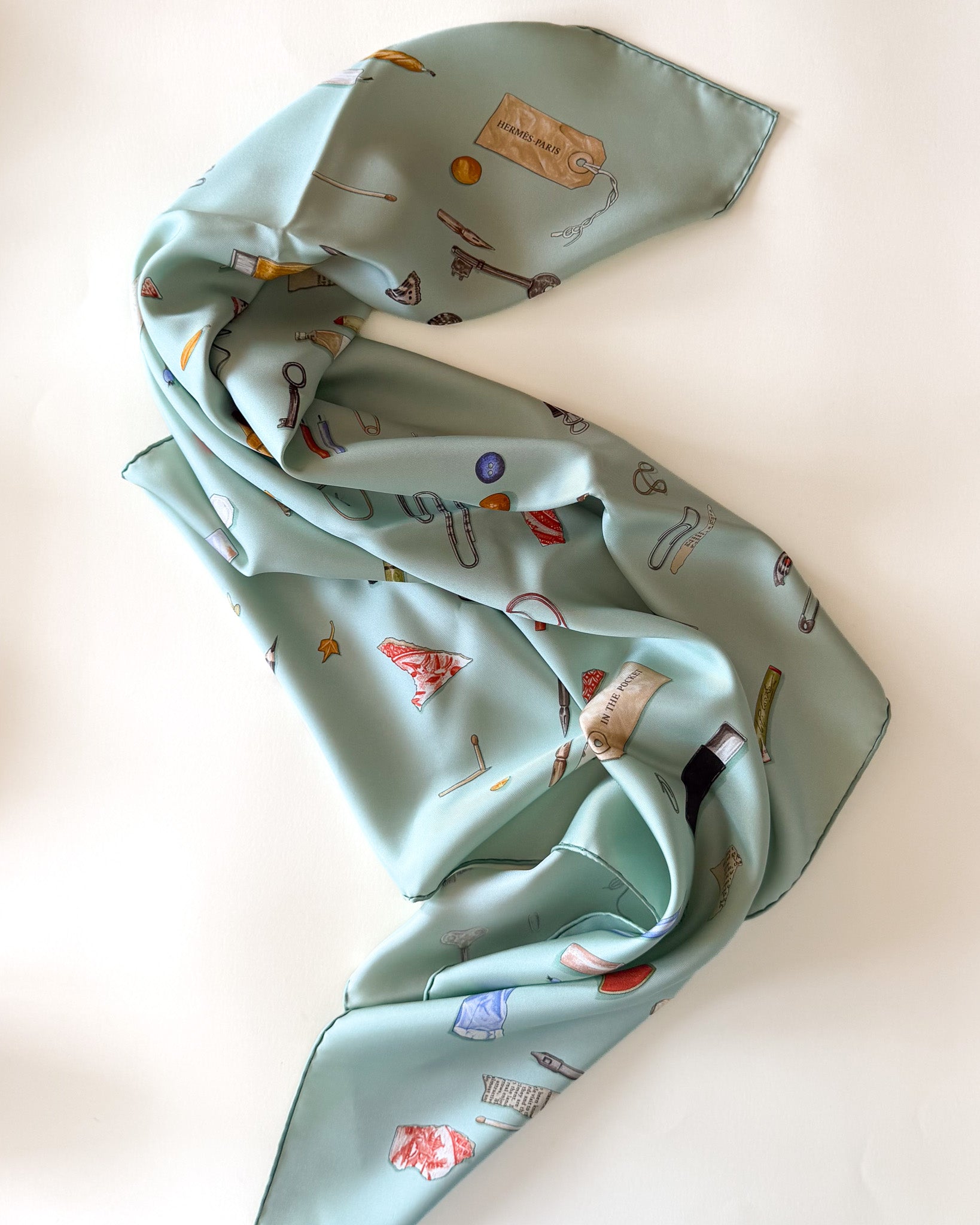 Carré Hermès In The Pocket – bleu pâle aquamarine, 90 cm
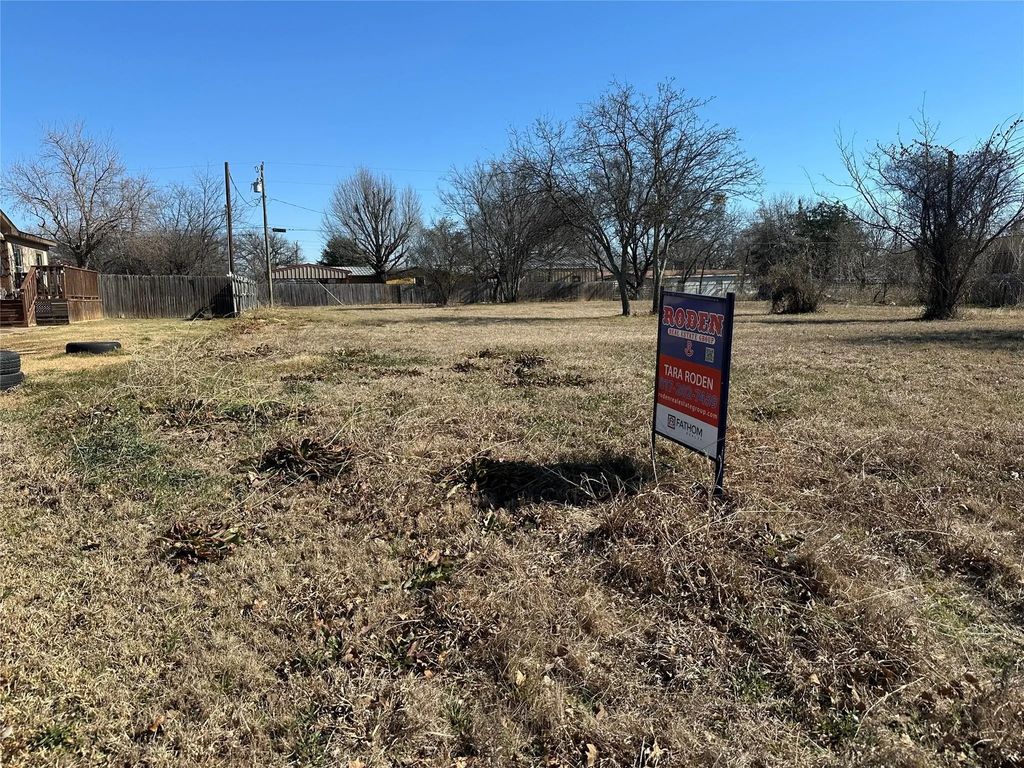 4229 N Main Street, Cleburne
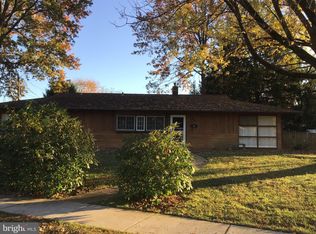 37 Mallboro Dr, Newark, DE 19713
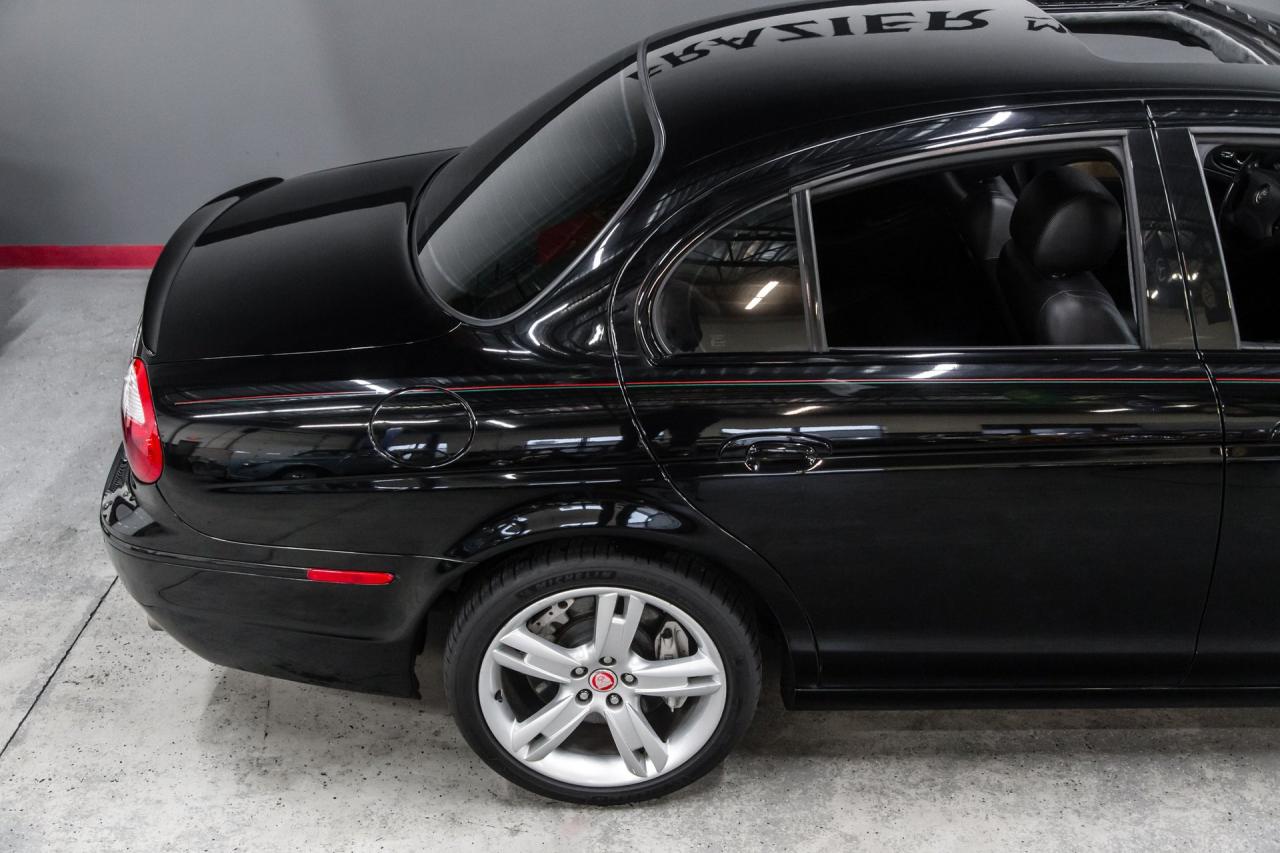 2005 Jaguar S TYPE R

## WHAT YOU WILL DO:
If pictures appear in the data, omit them and copy all other parts exactly.

## PROBLEM SOLUTION:
 Carré Hermès In The Pocket – bleu pâle aquamarine, 90 cm
 4229 N Main Street, Cleburne
 37 Mallboro Dr, Newark, DE 19713
 2005 Jaguar S TYPE R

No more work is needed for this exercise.